【映画とプロレス #10】映画主題歌からプロレス入場曲になった「スカイ・ハイ」は失恋ソングだった(後編)

“プロレステーマ曲総選挙”があるとしたら、間違いなくトップ10に入るであろうミル・マスカラスの「スカイ・ハイ」。外国人レスラー枠で1位になる可能性もあるだろうし、総合第1位になってもおかしくない。イントロが聞こえてきた瞬間、場内のファンが一体化し、気分が高揚する名曲中の名曲だ。

映画「スカイ・ハイ」/(C) 2010 Fortune Star Media Limited. All Rights Reserved.
映画「スカイ・ハイ」/(C) 2010 Fortune Star Media Limited. All Rights Reserved.

映画の主題歌からマスカラスの入場曲に使用された名曲

 “プロレステーマ曲総選挙”があるとしたら、間違いなくトップ10に入るであろうミル・マスカラスの「スカイ・ハイ」。外国人レスラー枠で1位になる可能性もあるだろうし、総合第1位になってもおかしくない。イントロが聞こえてきた瞬間、場内のファンが一体化し、気分が高揚する名曲中の名曲だ。

 たとえマスカラスを知らなくても、会場に居合わせれば周囲の空気に呑み込まれ同調、自然と気持ちが昂ぶってくるのではなかろうか。もしも「スカイ・ハイ」がなかったとしたら、プロレス史そのものが書き換えられていたかもしれない。それほど重要な音楽なのだ。

「スカイ・ハイ」がマスカラスのために作られたオリジナルではなく、同名映画の主題曲であることは前回の本欄で紹介した。映画「スカイ・ハイ」(75年)は、ブルース・リーによってもたらされたカンフー映画ブームと、007シリーズでロジャー・ムーアが演じた3代目ジェームズ・ボンドの時代に製作された、言ってみればいいとこ取りの便乗娯楽作品である。テーマ曲の設定は007シリーズにあやかり、「THE MAN FROM HONG KONG」(香港から来た男)という原題が示すように、香港のスターが海外でご都合主義的に大活躍するのが大きな見どころだ。
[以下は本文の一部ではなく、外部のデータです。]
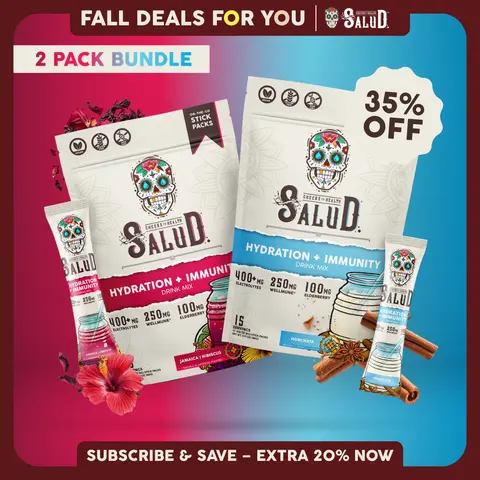 Salud 2-in-1 [Best Sellers Duo] Agua Fresca Drink Mix, Hydration + Immunity, Electrolytes Powder, Agua Fresca Drink Mix, Elderberry, Dairy & Soy Free, Non-GMO, Gluten Free, Vegan, Low Calorie, 1g Sugar (2-Pack, 30 Servings)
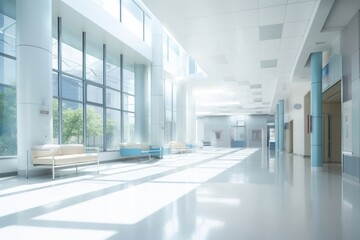 Fototapeta premium Hospital architecture corridor building.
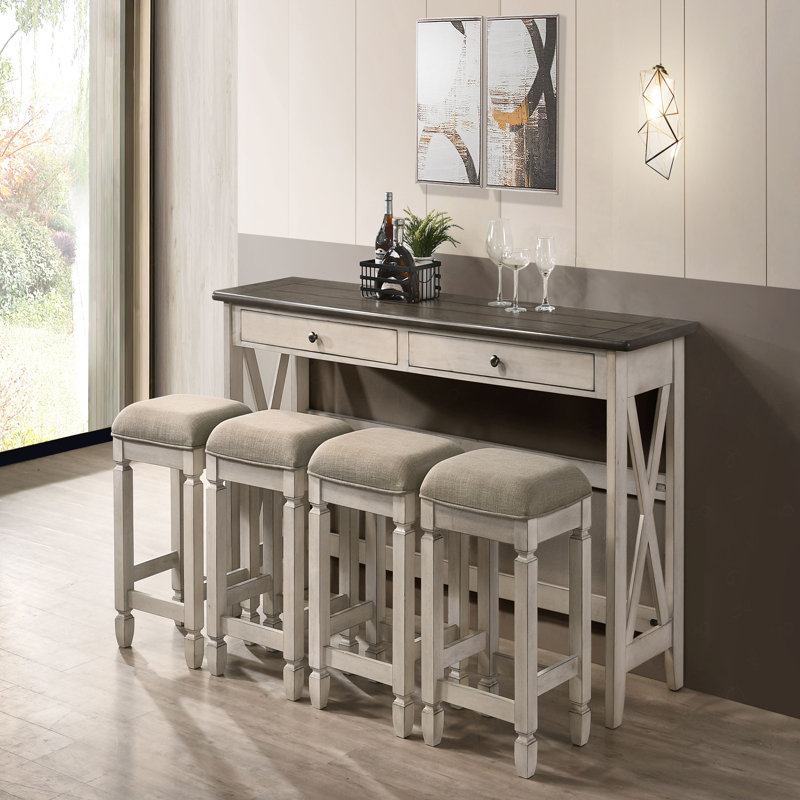Console avec 4 tabourets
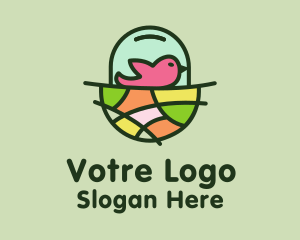 Colorful Bird Nest  Logo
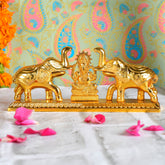 Gold Metal Plated Home Decor Idol Double Elephant with Shri Ganesh Ji Roli Chawal Storage Box Showpiece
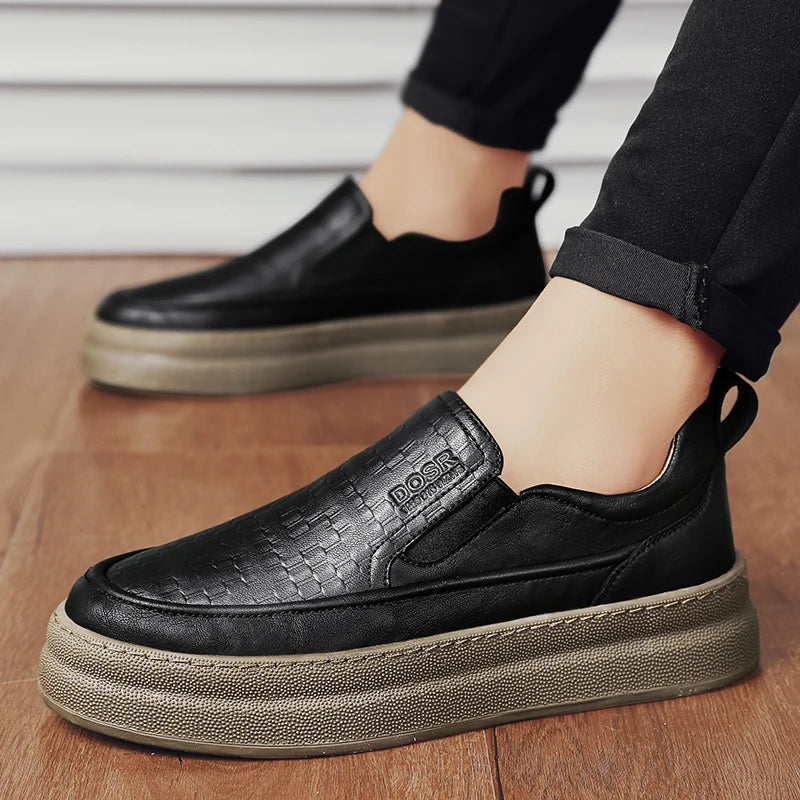 Tênis Masculino Slip-On Casual em Couro - Damien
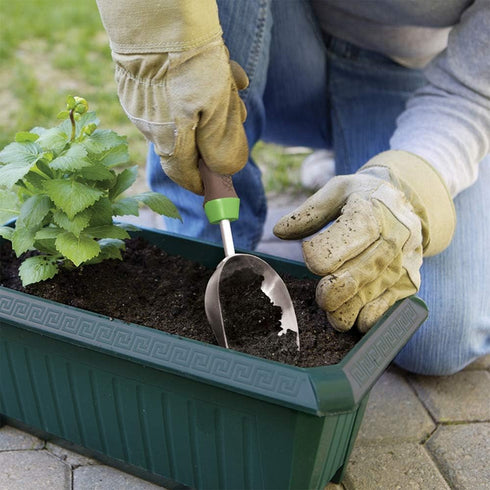 AMES 2445400 Stainless Steel Hand Soil Scoop with Ergo Gel Grip, 13-Inch, Gray...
 この2大要素が重なったところでかかるのが、英国の4人組ロックバンド、ジグソーによる「スカイ・ハイ」。ほぼフルで流れるのがなんとも嬉しい。あいさつ代わりのアクションから、という流れは007シリーズへのオマージュだろう。ハングライダーでの空撮とともに、プロレスファンならずともアガること請け合い。劇中でもハイな気分が持続するかどうかは個人差があるが、「スカイ・ハイ」はエンディングでもう一度高らかに流れるからこれまたたまらない。

 この爽快感は海洋アドベンチャー「ザ・ディープ」(77年)のエンディングに匹敵する。こちらもテーマ曲が素晴らしい「ザ・ディープ」では閉塞感を突き破るように主人公が深海から海上へと一気に飛び出すのだが、「スカイ・ハイ」では曲名とシンクロするように青空が映し出される。決着の付け方は別にして、ハッピーエンドであることは間違いない。